> [Required work]: The entries that follow need to be retyped verbatim.

> [Data for this task]:
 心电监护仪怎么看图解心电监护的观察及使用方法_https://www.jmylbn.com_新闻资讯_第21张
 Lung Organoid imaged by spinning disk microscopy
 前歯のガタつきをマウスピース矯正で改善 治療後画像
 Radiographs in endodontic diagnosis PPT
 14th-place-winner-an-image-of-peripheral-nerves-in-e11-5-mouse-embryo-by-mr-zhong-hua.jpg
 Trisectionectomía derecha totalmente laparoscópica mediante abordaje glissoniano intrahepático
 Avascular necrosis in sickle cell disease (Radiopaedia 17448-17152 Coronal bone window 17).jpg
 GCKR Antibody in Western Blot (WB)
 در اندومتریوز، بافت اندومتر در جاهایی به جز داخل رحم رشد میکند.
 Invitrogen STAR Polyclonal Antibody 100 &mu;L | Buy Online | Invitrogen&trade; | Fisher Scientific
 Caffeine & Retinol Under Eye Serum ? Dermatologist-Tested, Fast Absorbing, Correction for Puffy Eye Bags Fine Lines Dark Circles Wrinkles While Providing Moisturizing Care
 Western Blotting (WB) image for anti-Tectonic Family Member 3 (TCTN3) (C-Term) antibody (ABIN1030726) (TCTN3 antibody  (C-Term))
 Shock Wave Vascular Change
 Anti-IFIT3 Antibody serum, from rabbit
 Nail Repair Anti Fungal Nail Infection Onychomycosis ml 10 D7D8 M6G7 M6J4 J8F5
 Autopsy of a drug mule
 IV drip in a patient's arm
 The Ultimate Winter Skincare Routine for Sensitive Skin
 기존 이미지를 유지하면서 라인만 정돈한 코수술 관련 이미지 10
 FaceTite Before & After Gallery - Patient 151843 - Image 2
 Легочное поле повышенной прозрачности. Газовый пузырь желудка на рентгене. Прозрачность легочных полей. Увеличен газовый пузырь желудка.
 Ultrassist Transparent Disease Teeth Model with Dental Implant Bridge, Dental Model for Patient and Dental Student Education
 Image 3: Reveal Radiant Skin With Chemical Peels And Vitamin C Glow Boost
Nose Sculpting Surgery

> [Your response]:
 心电监护仪怎么看图解心电监护的观察及使用方法_https://www.jmylbn.com_新闻资讯_第21张
 Lung Organoid imaged by spinning disk microscopy
 前歯のガタつきをマウスピース矯正で改善 治療後画像
 Radiographs in endodontic diagnosis PPT
 14th-place-winner-an-image-of-peripheral-nerves-in-e11-5-mouse-embryo-by-mr-zhong-hua.jpg
 Trisectionectomía derecha totalmente laparoscópica mediante abordaje glissoniano intrahepático
 Avascular necrosis in sickle cell disease (Radiopaedia 17448-17152 Coronal bone window 17).jpg
 GCKR Antibody in Western Blot (WB)
 در اندومتریوز، بافت اندومتر در جاهایی به جز داخل رحم رشد میکند.
 Invitrogen STAR Polyclonal Antibody 100 &mu;L | Buy Online | Invitrogen&trade; | Fisher Scientific
 Caffeine & Retinol Under Eye Serum ? Dermatologist-Tested, Fast Absorbing, Correction for Puffy Eye Bags Fine Lines Dark Circles Wrinkles While Providing Moisturizing Care
 Western Blotting (WB) image for anti-Tectonic Family Member 3 (TCTN3) (C-Term) antibody (ABIN1030726) (TCTN3 antibody  (C-Term))
 Shock Wave Vascular Change
 Anti-IFIT3 Antibody serum, from rabbit
 Nail Repair Anti Fungal Nail Infection Onychomycosis ml 10 D7D8 M6G7 M6J4 J8F5
 Autopsy of a drug mule
 IV drip in a patient's arm
 The Ultimate Winter Skincare Routine for Sensitive Skin
 기존 이미지를 유지하면서 라인만 정돈한 코수술 관련 이미지 10
 FaceTite Before & After Gallery - Patient 151843 - Image 2
 Легочное поле повышенной прозрачности. Газовый пузырь желудка на рентгене. Прозрачность легочных полей. Увеличен газовый пузырь желудка.
 Ultrassist Transparent Disease Teeth Model with Dental Implant Bridge, Dental Model for Patient and Dental Student Education
 Image 3: Reveal Radiant Skin With Chemical Peels And Vitamin C Glow Boost
Nose Sculpting Surgery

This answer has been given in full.